== PROVIDED DATA ==
· · ·
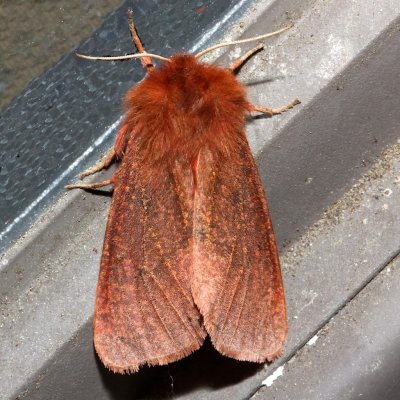 8158, Phragmatobia lineata, Large Ruby Tiger Moth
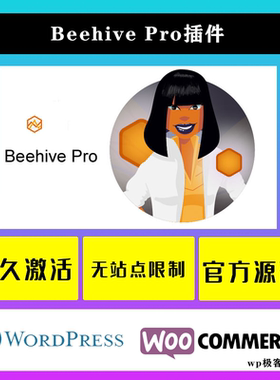 Beehive Pro WP插件 中文版 Google Analytics谷歌分析自定义设置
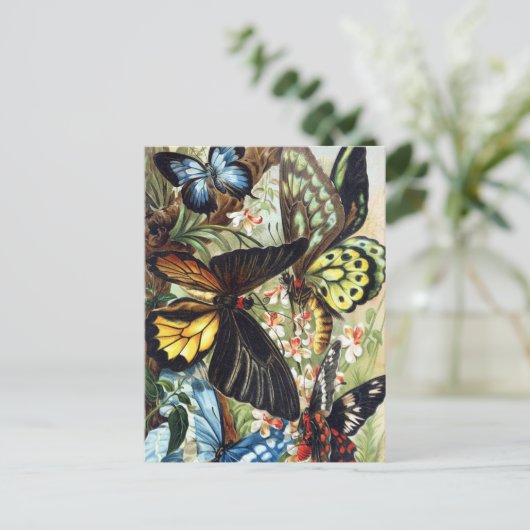 Vintage Insektendarstellung Postkarte (Stehend Vorderseite)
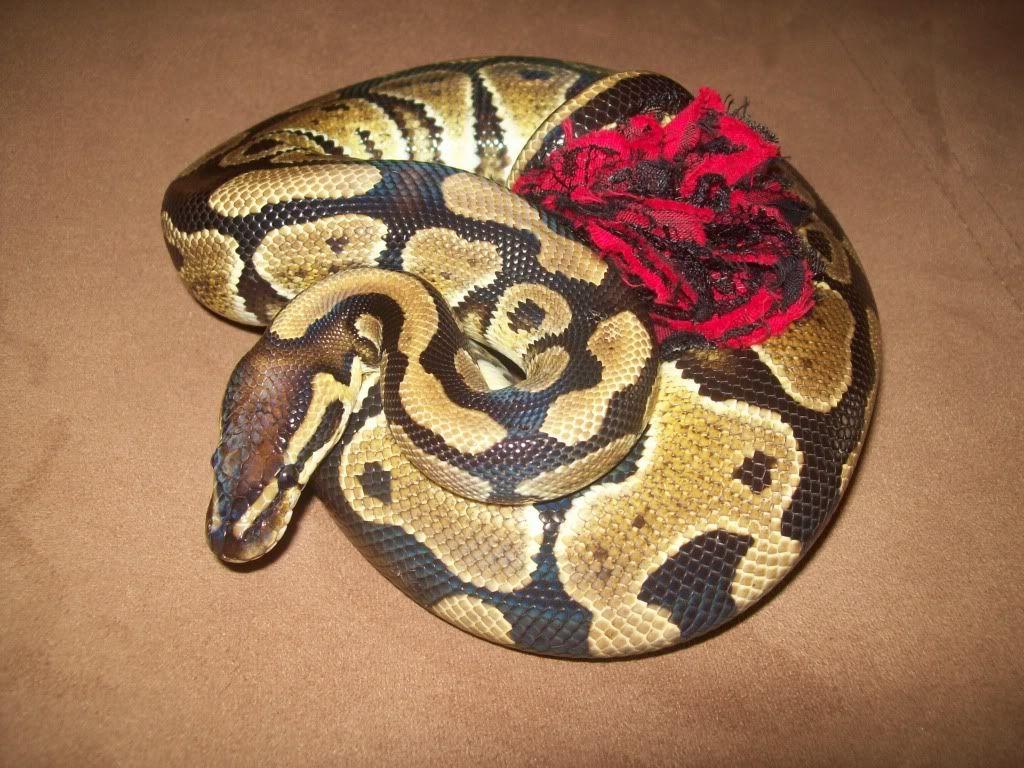 Baby Ball Pythons HD Wallpaper, Background Image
· · ·
== YOUR INSTRUCTIONS ==
Skipping the pictures, transcribe each line above exactly as it appears.

== EXERCISE SOLUTION ==
 8158, Phragmatobia lineata, Large Ruby Tiger Moth
 Beehive Pro WP插件 中文版 Google Analytics谷歌分析自定义设置
 Vintage Insektendarstellung Postkarte (Stehend Vorderseite)
 Baby Ball Pythons HD Wallpaper, Background Image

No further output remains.